_TASK TO COMPLETE_
Retype the listing found below exactly, but leave out each picture.
BEGIN SUPPLIED DATA
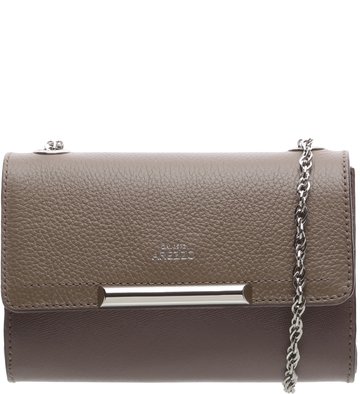 Bolsa Clutch Couro Cargo
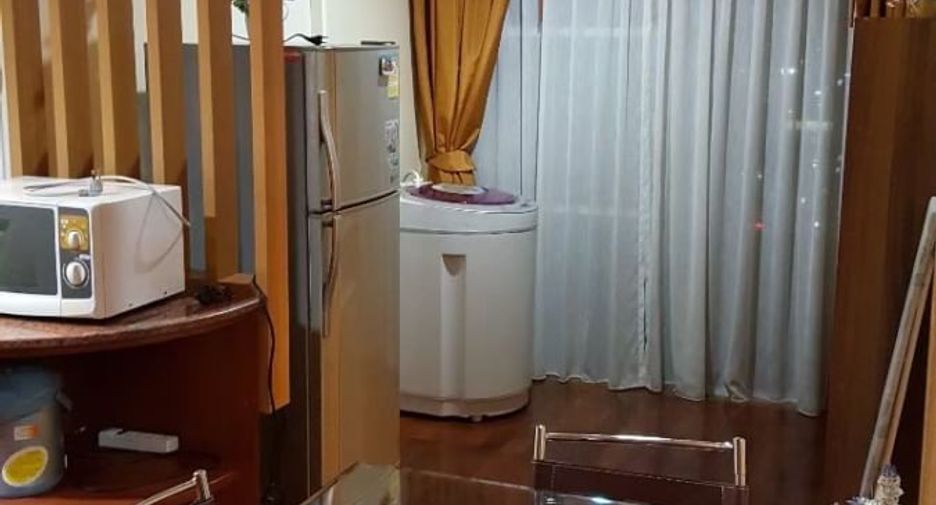 For rent 1 bed condo in Si Racha, Chonburi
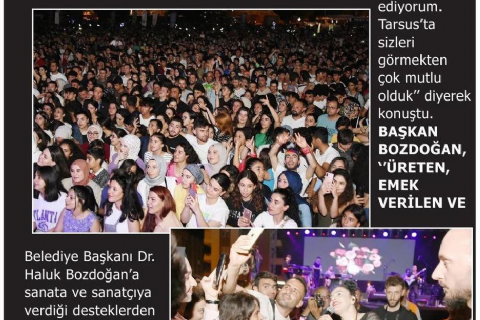 20. Mersin Uluslararası Müzik Festivali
END SUPPLIED DATA
_SOLUTION BELOW_
 Bolsa Clutch Couro Cargo
 For rent 1 bed condo in Si Racha, Chonburi
 20. Mersin Uluslararası Müzik Festivali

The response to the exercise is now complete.